Sicilia, imprenditore preso di mira. Bruciati tre camion

Nella notte tra sabato e domenica a Canicattì il buio della notte è stato squarciato dal rogo non di uno ma di ben tre mezzi di proprietà di uno stesso imprenditore. Il rogo multiplo si è verificato nell'immediata periferia di Canicattì dove la città si confonde con le prime case di campagna. In contrada Petrillo in piena notte infatti sono andati a fuoco tre camion che si trovavano in sosta. Scattato l'allarme sul posto in una manciata di minuti sono giunti i mezzi ed il personale dei vigili del fuoco, che hanno lavorato per diverse ore, e i carabinieri dei rispettivi comandi del centro polifunzionale di via Tenente Antonino Di Dino.

L'intervento dei vigili del fuoco è valso per quanto possibile a limitare i danni ai mezzi che comunque sono ingenti.
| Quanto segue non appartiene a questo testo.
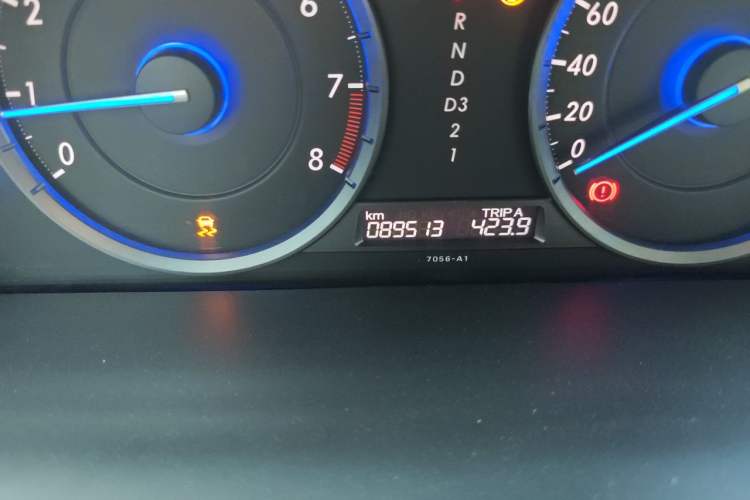 Used Honda Crosstour 2012 2.4L Luxury Edition Odometer Close Up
I carabinieri invece hanno avviato le indagini di rito nella speranza di ricostruire l'origine del gesto. Gli accertamenti tecnici sono in corso e al momento non si esclude alcuna ipotesi. La circostanza però che i mezzi interessati dal rogo fossero tre e dello stesso proprietario che si occupa di trasporti in conto terzi avvalora necessariamente l'ipotesi del dolo.

Al momento però prudenzialmente, come avviene quasi sempre in questi casi, si parla di indagini ancora in corso e cause da accertare. Ma la causa accidentale sembra davvero solo una lontanissima ipotesi. Un fatto inquietante. Il territorio comunale di Canicattì da alcuni mesi si trova a fare i conti con una serie impressionante di danneggiamenti anche tramite incendi di autovetture e mezzi da lavoro come possono essere camion e furgoni di ditte impegnante in attività imprenditoriali. Su tutte quelle ricollegabili all'agricoltura.